Data listing START

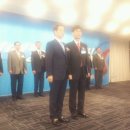 명문가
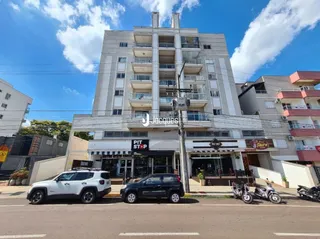 Apartamento com 1 dormitório, foto 1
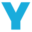yan-services-plus.com
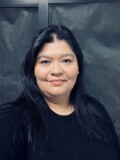 Nancy Rosalesmoncada Nancy Rosales
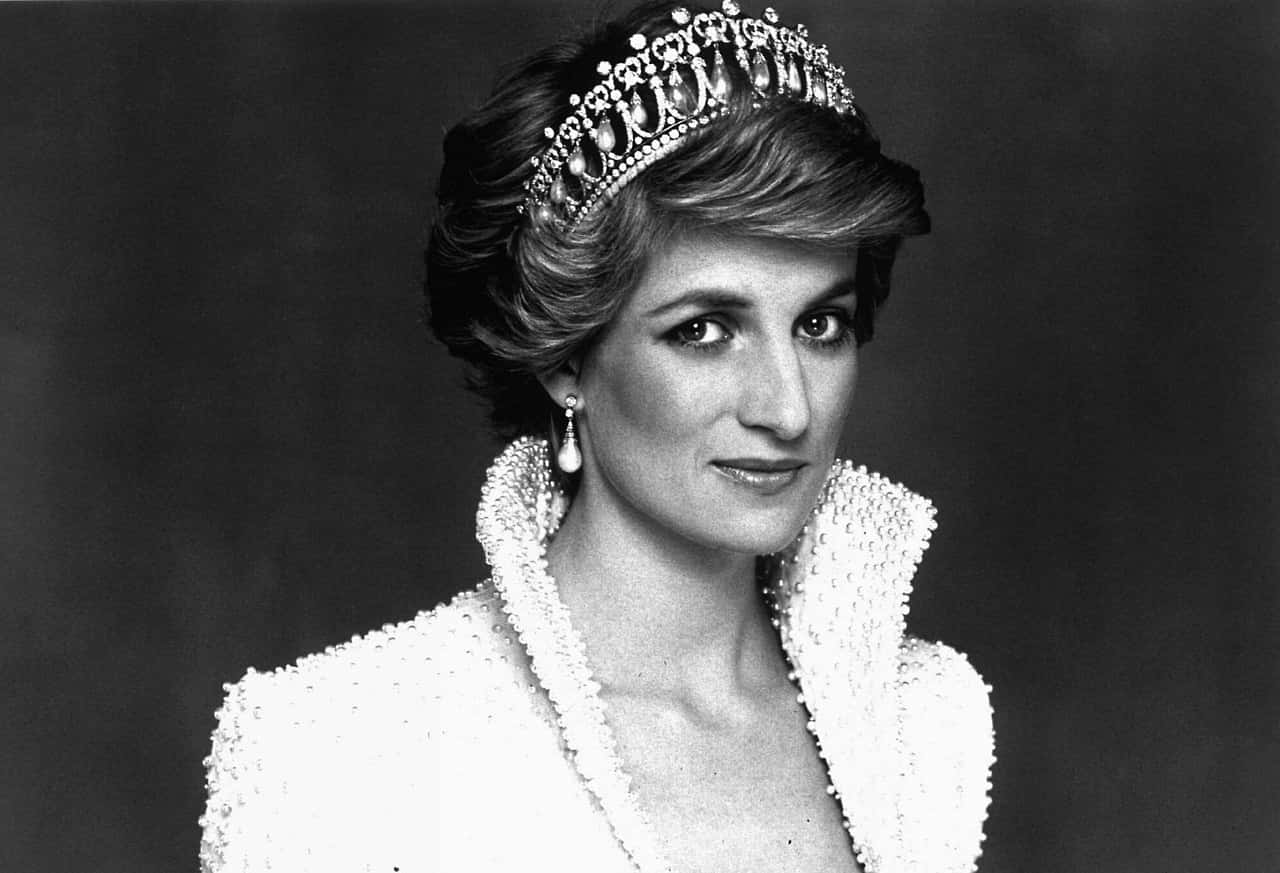 Prince William facts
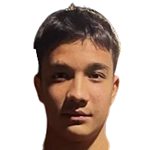Erk Arda Aslan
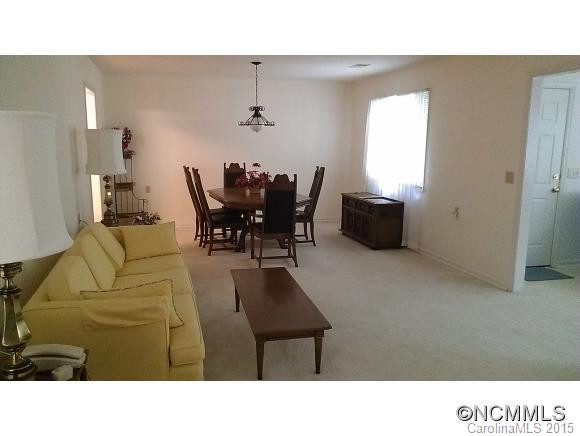 40 Doanbury Ct - Photo 3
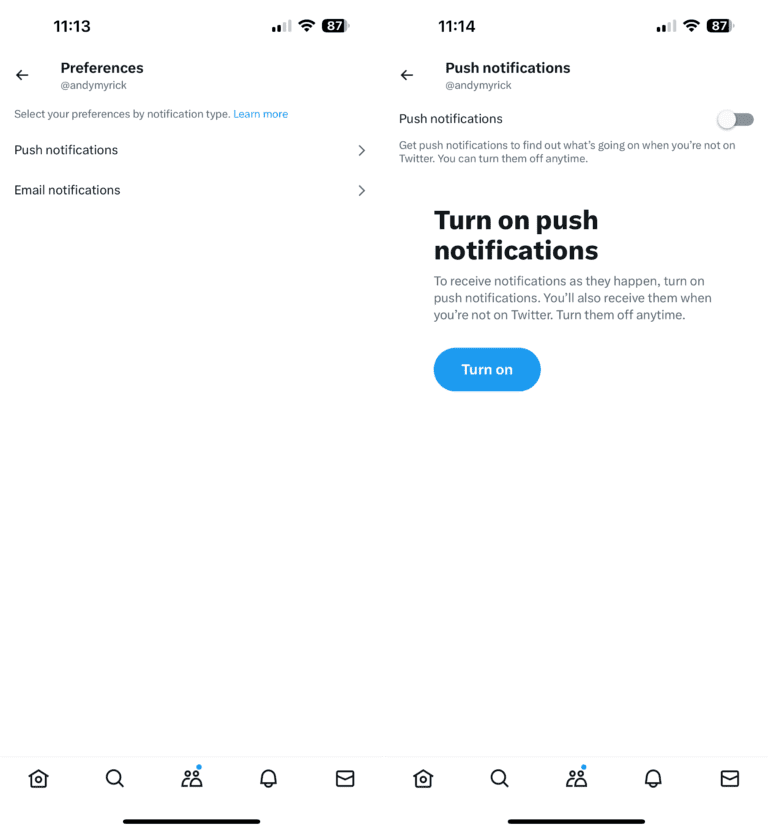 How to Use Web Apps on iPhone and iPad - AppleToolBox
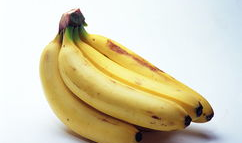 大香蕉网络视频,揭秘热门视频背后的故事与魅力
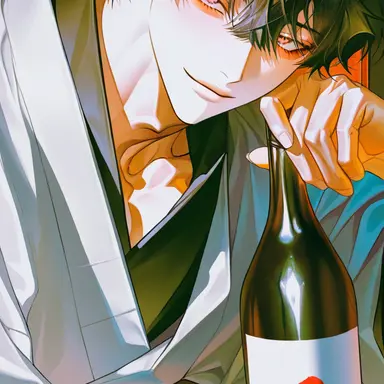 Profile image of 紅丸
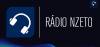 Rádio Nzeto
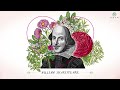 Visit shakespeares family homes  shakespeare birthplace trust  2021 highlights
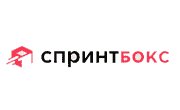 Sprintbox.ru Logo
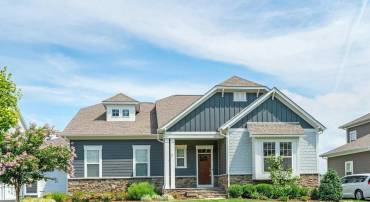 24340 WHITE ELM PL, ALDIE, Virginia 20105, 5 Bedrooms Bedrooms, ,4 BathroomsBathrooms,Residential,For sale,24340 WHITE ELM PL,VALO2103898 MLS # VALO2103898
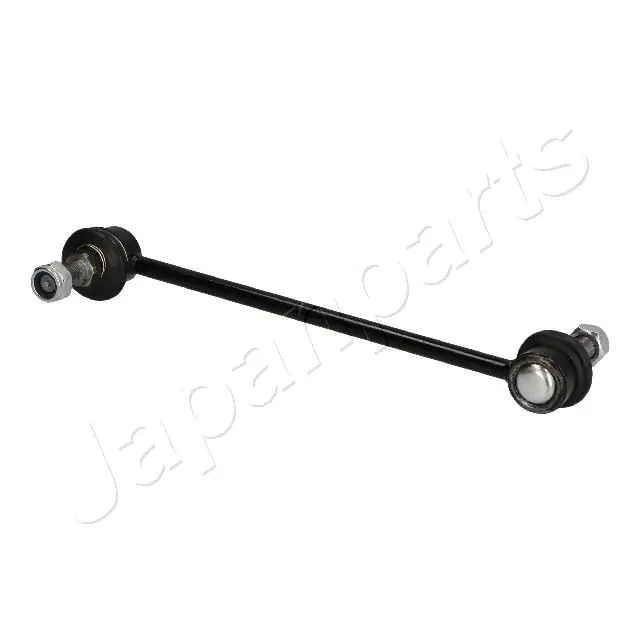JAPANPARTS stabilizátor, futómű - SI-K08 - TothCarparts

Data listing END

Please print the records above once more, word for word, omitting all pictures.

[Solution to this task]:
 명문가
 Apartamento com 1 dormitório, foto 1
yan-services-plus.com
 Nancy Rosalesmoncada Nancy Rosales
 Prince William facts
Erk Arda Aslan
 40 Doanbury Ct - Photo 3
 How to Use Web Apps on iPhone and iPad - AppleToolBox
 大香蕉网络视频,揭秘热门视频背后的故事与魅力
 Profile image of 紅丸
 Rádio Nzeto
 Visit shakespeares family homes  shakespeare birthplace trust  2021 highlights
 Sprintbox.ru Logo
 24340 WHITE ELM PL, ALDIE, Virginia 20105, 5 Bedrooms Bedrooms, ,4 BathroomsBathrooms,Residential,For sale,24340 WHITE ELM PL,VALO2103898 MLS # VALO2103898
JAPANPARTS stabilizátor, futómű - SI-K08 - TothCarparts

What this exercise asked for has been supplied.